_WHAT THE EXERCISE ASKS_
Given the entries below, would you transcribe exactly the lines starting at the one with "A moving man" and ending at the one with "Salmon And Ivory", both kept, pictures omitted, nothing extra?

┌────────

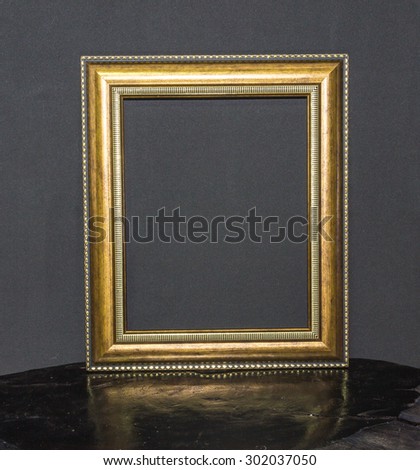Vintage picture frame on wood and on gray background.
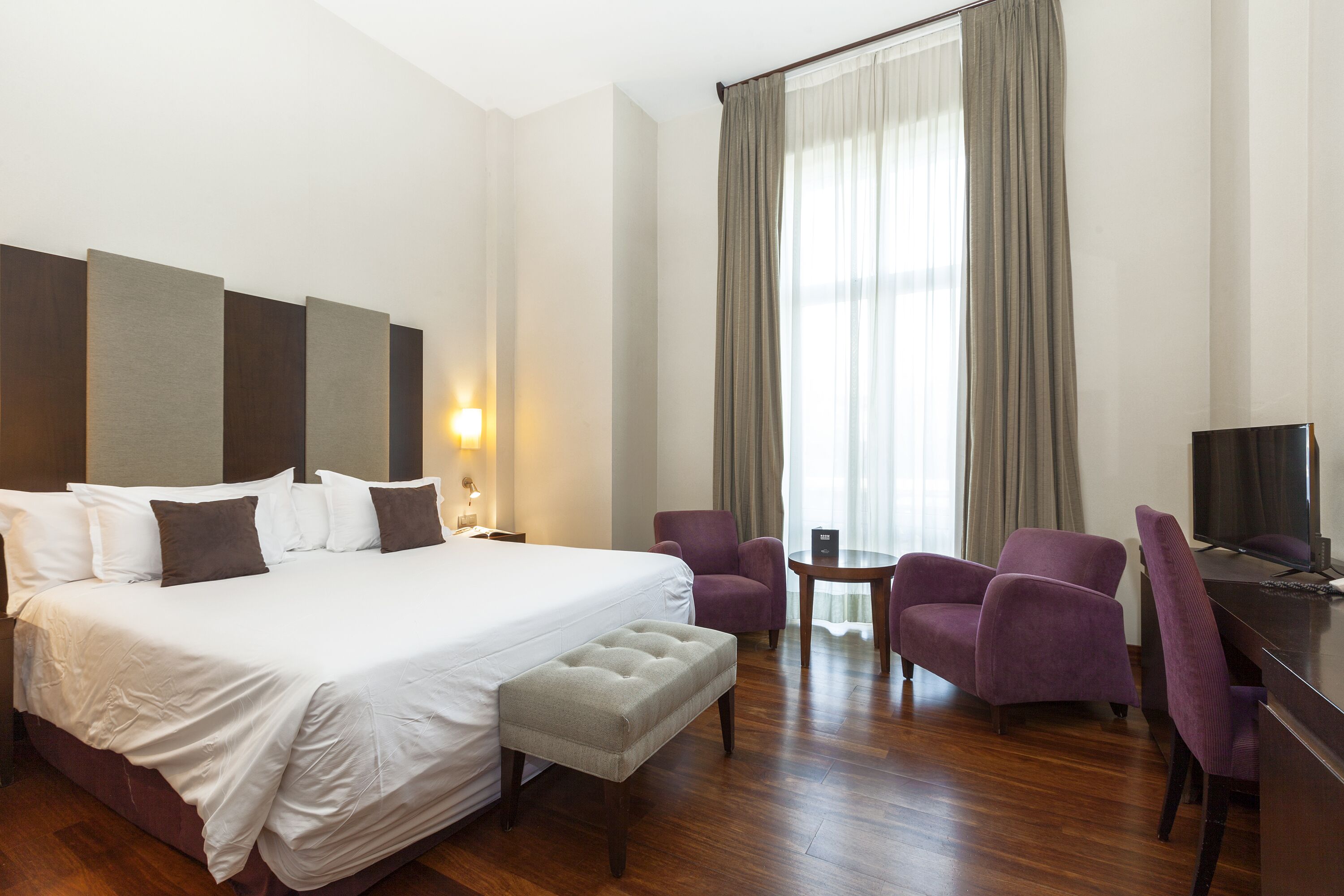 A hotel room with a large bed, two armchairs, a small table, and a desk with a TV.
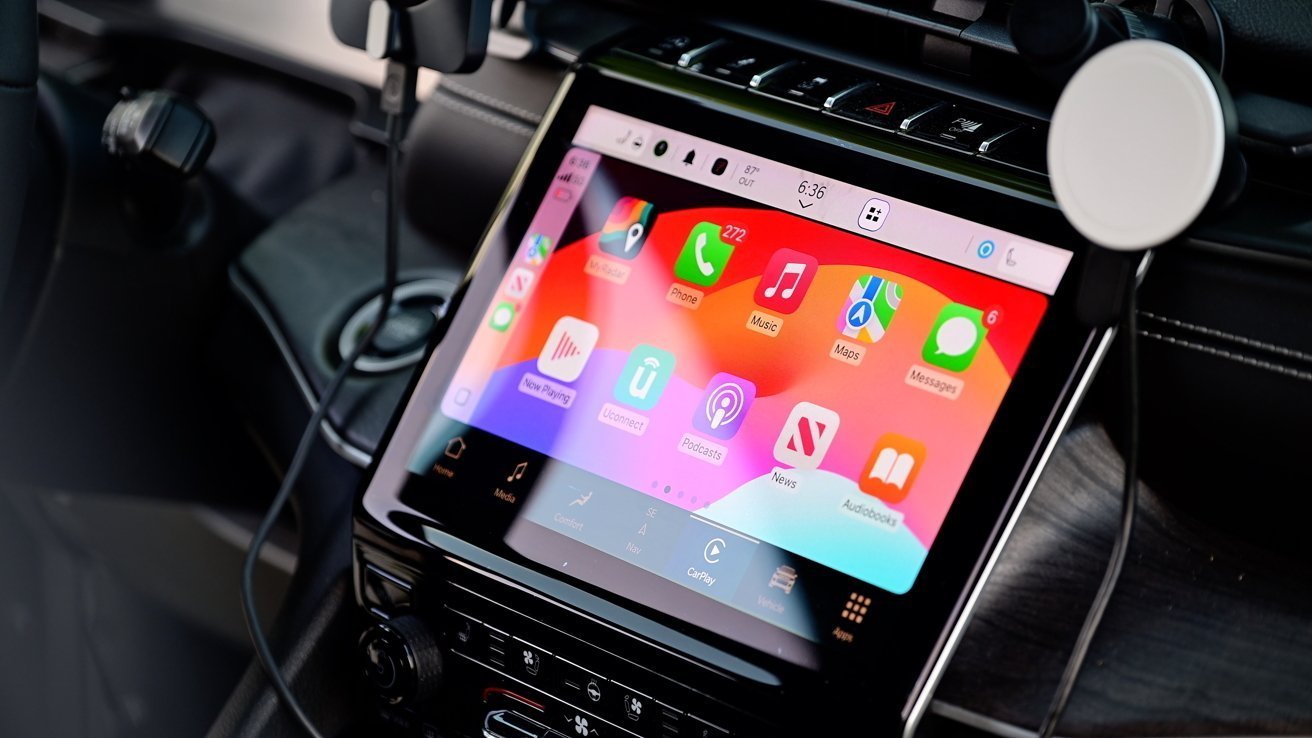 Car dashboard with a touchscreen displaying colorful app icons for phone, music, maps, podcasts, and messages.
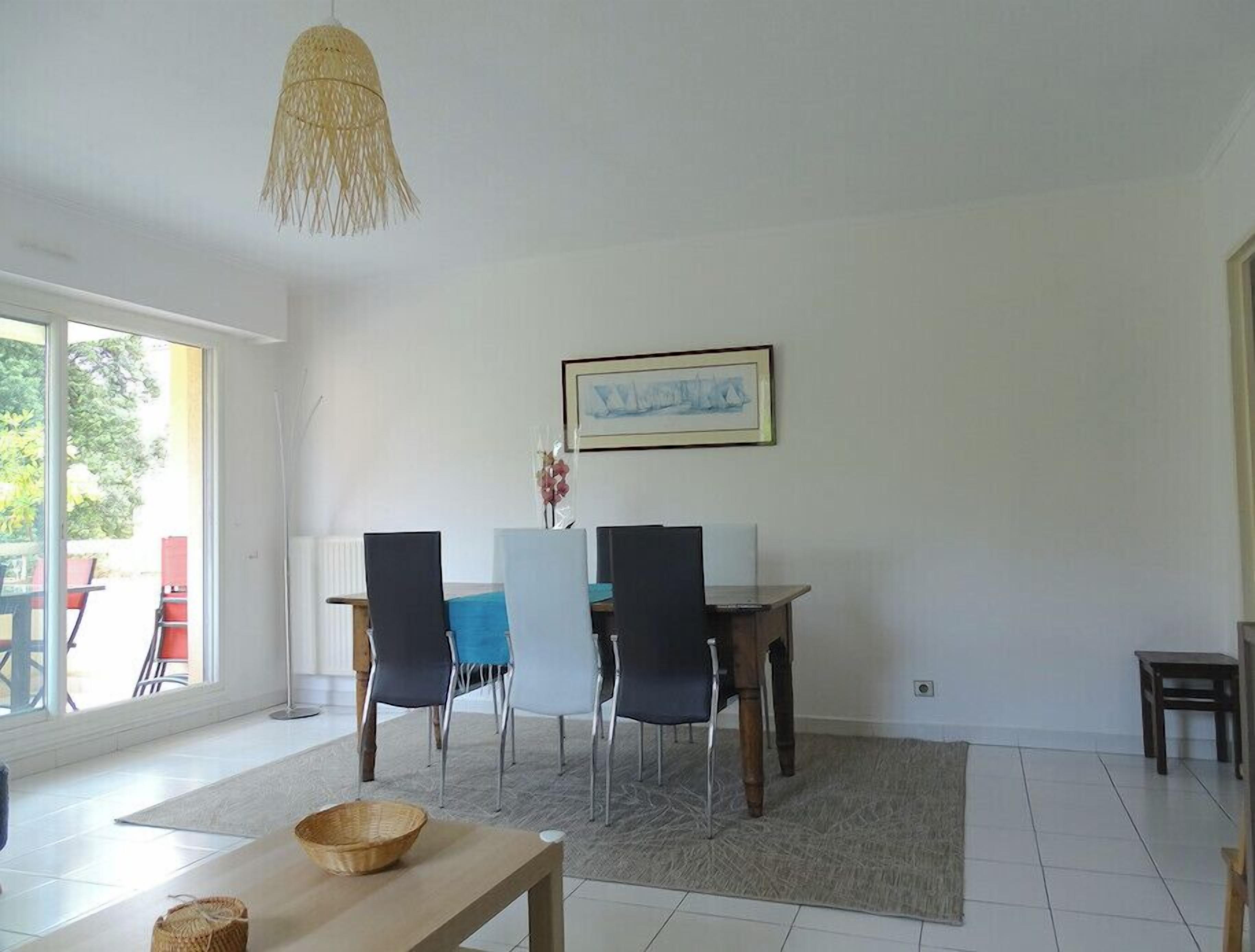 A dining area with a table, chairs, and a hanging light fixture.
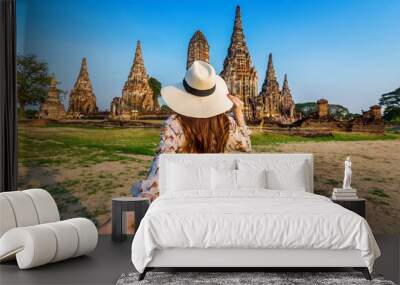 Woman holding man's hand and leading him to Ayutthaya Historical Park, Wat Chaiwatthanaram Buddhist temple in Thailand. Wall mural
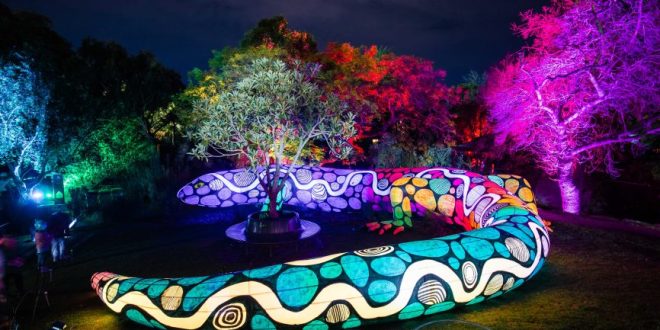 A photo of a colourful statue of a giant snake, lit up by multi-coloured lights.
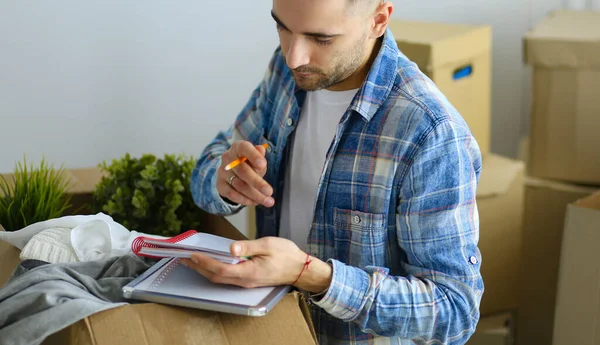 A moving man sitting on the floor in empty apartment, Among the Boxes, Checking the List of Things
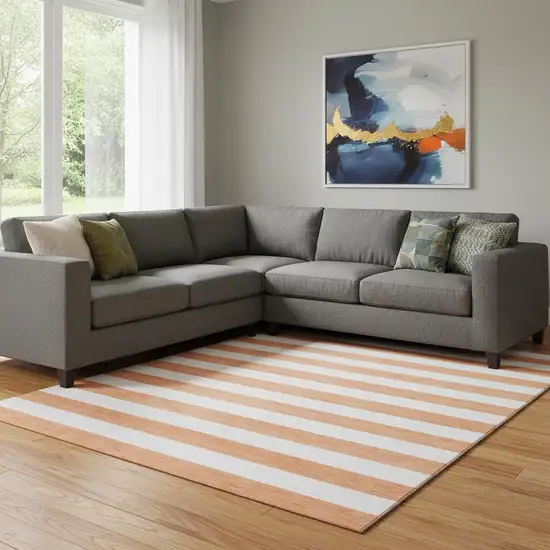 Salmon And Ivory Striped Washable Area Rug With UV Protection Photo 1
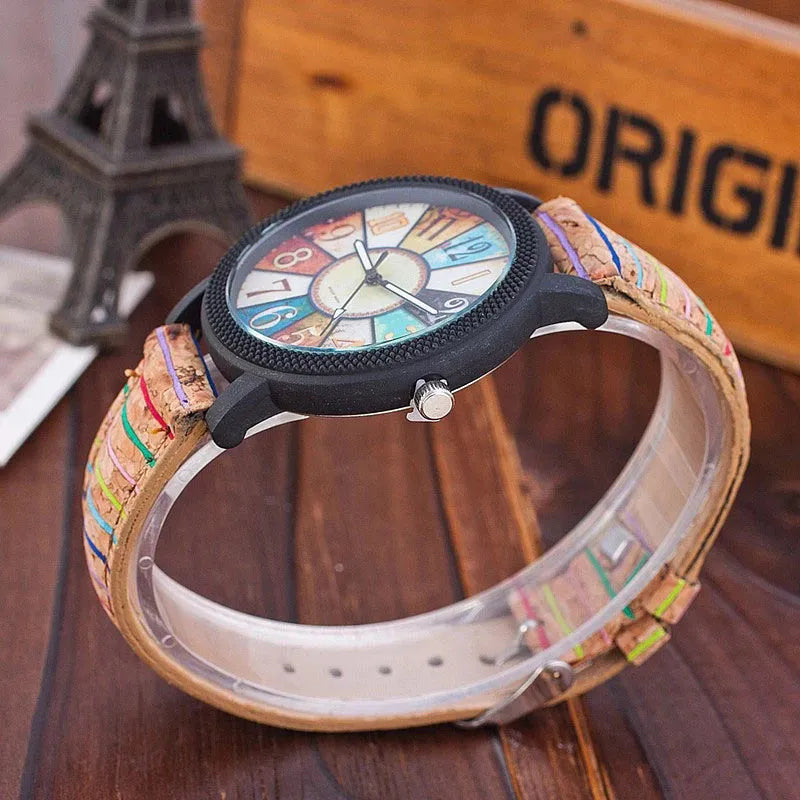 Women's vintage-style quartz watch with brown leather strap and silver round 37mm dial.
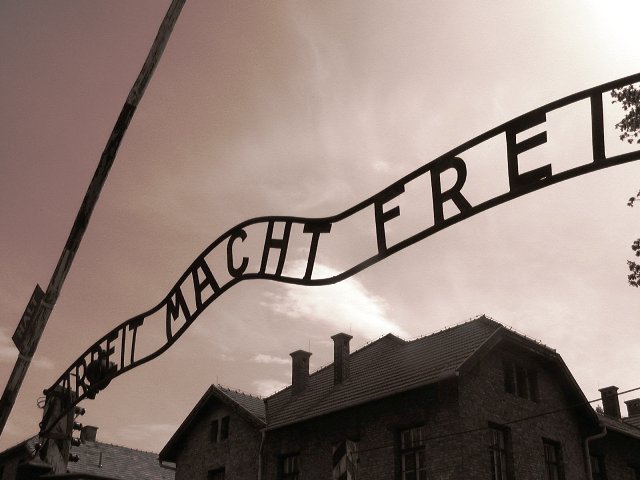 Napis na bramie wejściowej do obozu Auschwitz: Arbeit macht frei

└────────

_SOLUTION FOR THIS PROBLEM_
 A moving man sitting on the floor in empty apartment, Among the Boxes, Checking the List of Things
 Salmon And Ivory Striped Washable Area Rug With UV Protection Photo 1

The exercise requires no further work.